= Beginning of Section =

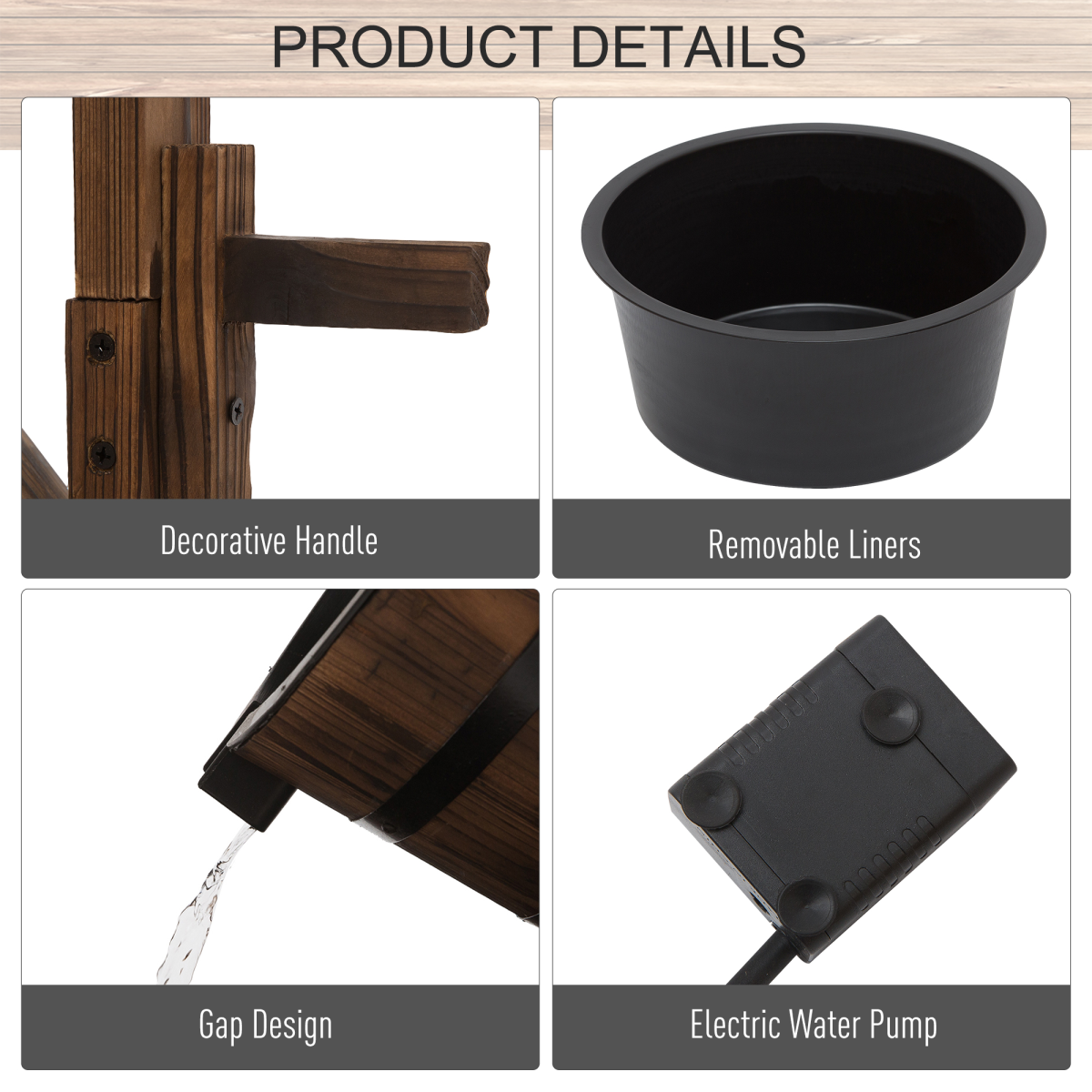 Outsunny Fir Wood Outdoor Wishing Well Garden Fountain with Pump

= End of Section =
= Beginning of Section =

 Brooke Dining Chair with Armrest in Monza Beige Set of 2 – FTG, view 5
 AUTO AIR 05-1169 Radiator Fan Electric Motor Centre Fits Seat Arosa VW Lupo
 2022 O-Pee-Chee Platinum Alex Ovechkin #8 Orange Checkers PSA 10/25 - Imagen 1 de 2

= End of Section =
= Beginning of Section =

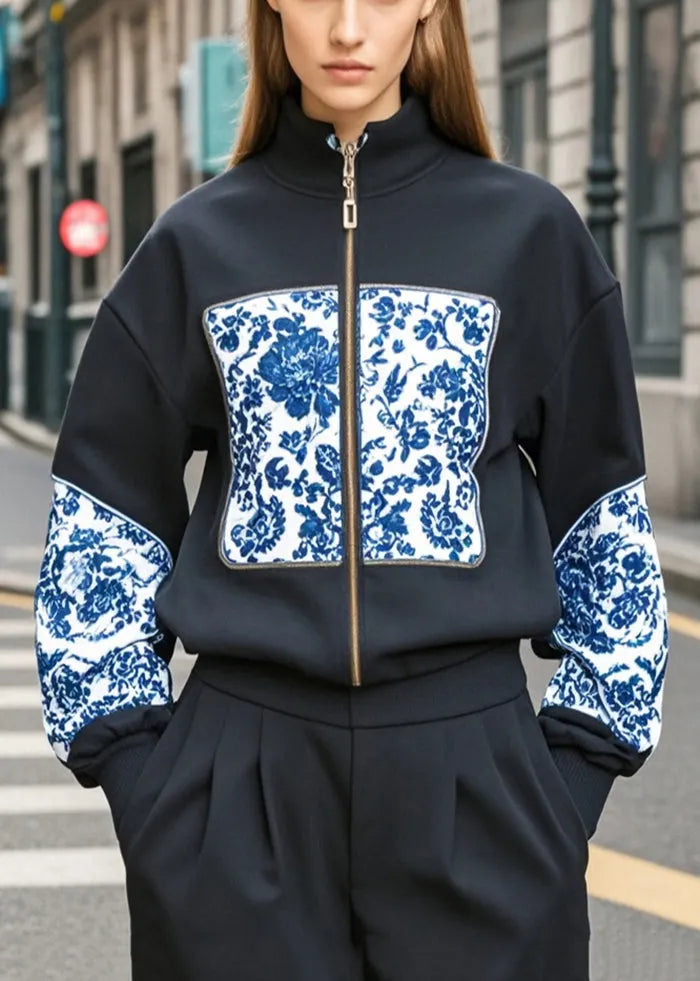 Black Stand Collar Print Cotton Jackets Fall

= End of Section =

> **Exercise brief**
Reproduce exactly the lines above from the line with "Brooke Dining Chair" to the line with "2022 O-Pee-Chee Platinum", including both, and add nothing.

> **Task result**
 Brooke Dining Chair with Armrest in Monza Beige Set of 2 – FTG, view 5
 AUTO AIR 05-1169 Radiator Fan Electric Motor Centre Fits Seat Arosa VW Lupo
 2022 O-Pee-Chee Platinum Alex Ovechkin #8 Orange Checkers PSA 10/25 - Imagen 1 de 2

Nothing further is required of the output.